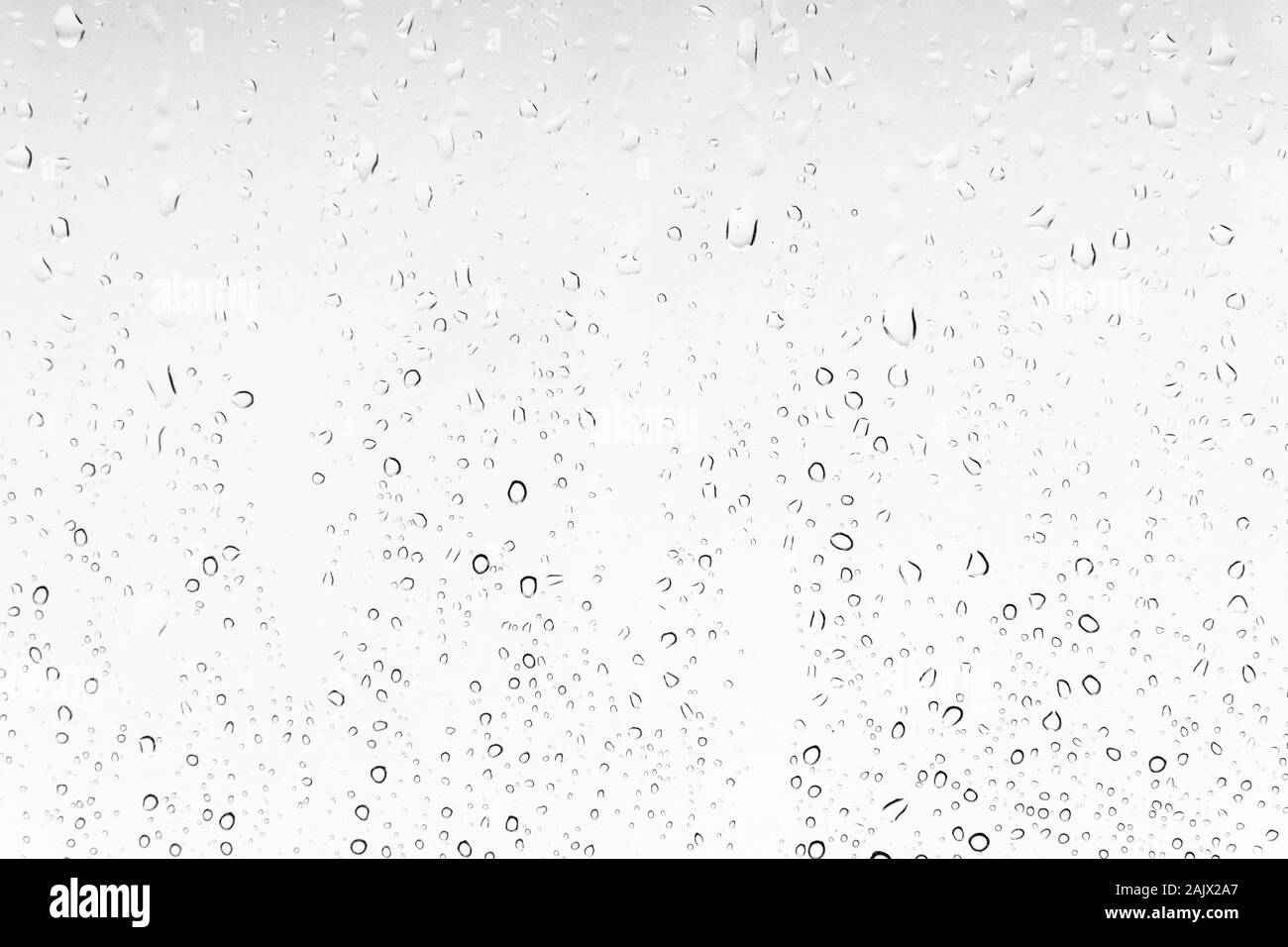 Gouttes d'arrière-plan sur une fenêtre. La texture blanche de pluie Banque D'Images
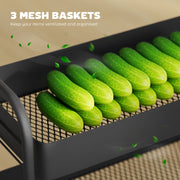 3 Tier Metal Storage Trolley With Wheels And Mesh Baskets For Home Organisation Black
------------------------------------------------
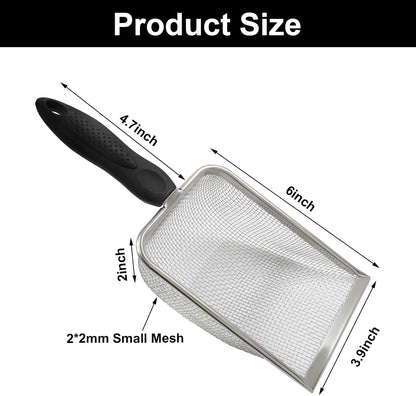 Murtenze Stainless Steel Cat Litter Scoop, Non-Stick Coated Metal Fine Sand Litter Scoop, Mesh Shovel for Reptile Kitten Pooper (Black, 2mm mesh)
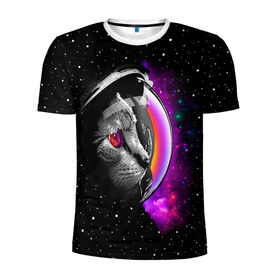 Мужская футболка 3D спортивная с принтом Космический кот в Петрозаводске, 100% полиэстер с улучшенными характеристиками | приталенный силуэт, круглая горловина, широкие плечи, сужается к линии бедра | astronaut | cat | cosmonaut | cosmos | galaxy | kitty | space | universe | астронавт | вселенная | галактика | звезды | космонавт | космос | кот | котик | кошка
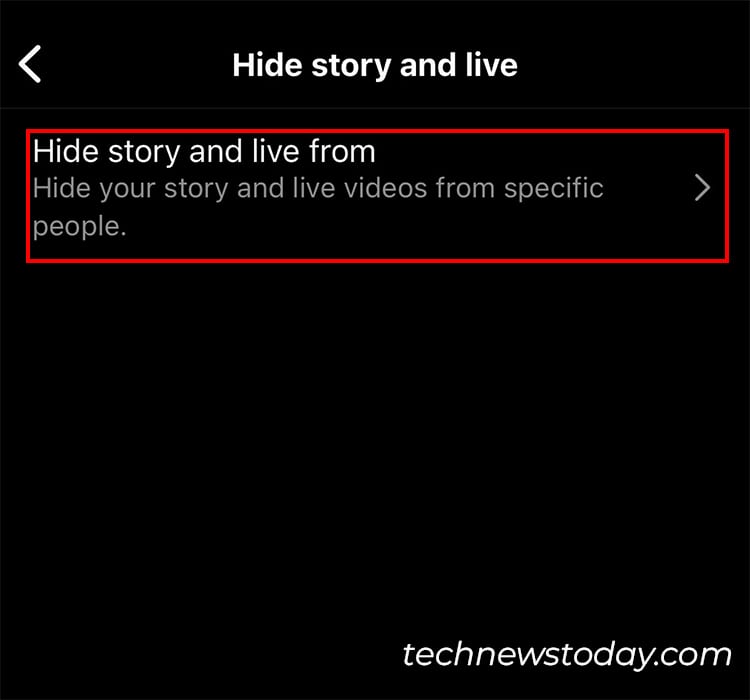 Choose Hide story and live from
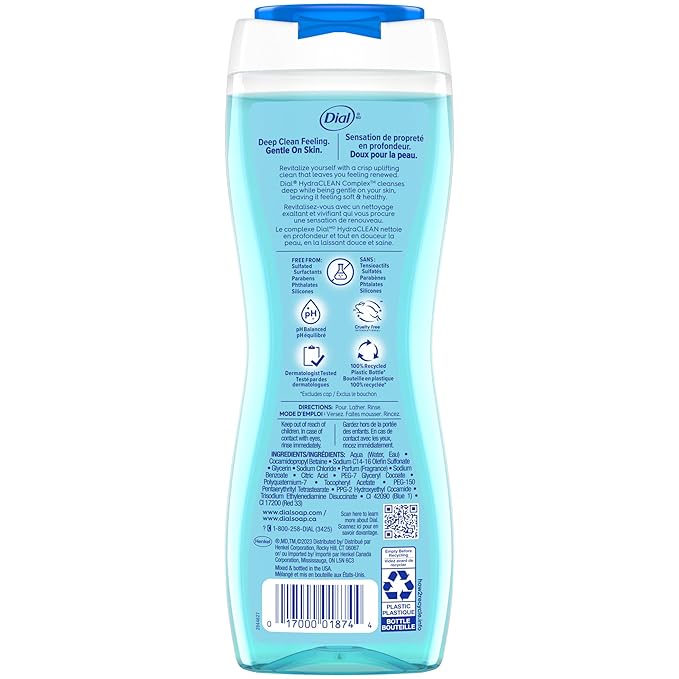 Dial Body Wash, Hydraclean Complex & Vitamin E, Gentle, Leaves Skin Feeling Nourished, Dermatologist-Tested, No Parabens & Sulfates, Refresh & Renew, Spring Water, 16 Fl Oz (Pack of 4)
------------------------------------------------
Each line between the one holding "Choose Hide story and live from" and the one holding "Dial Body Wash, Hydraclean", inclusive, should be copied exactly as it appears above, and pictures should be omitted.

 Choose Hide story and live from
 Dial Body Wash, Hydraclean Complex & Vitamin E, Gentle, Leaves Skin Feeling Nourished, Dermatologist-Tested, No Parabens & Sulfates, Refresh & Renew, Spring Water, 16 Fl Oz (Pack of 4)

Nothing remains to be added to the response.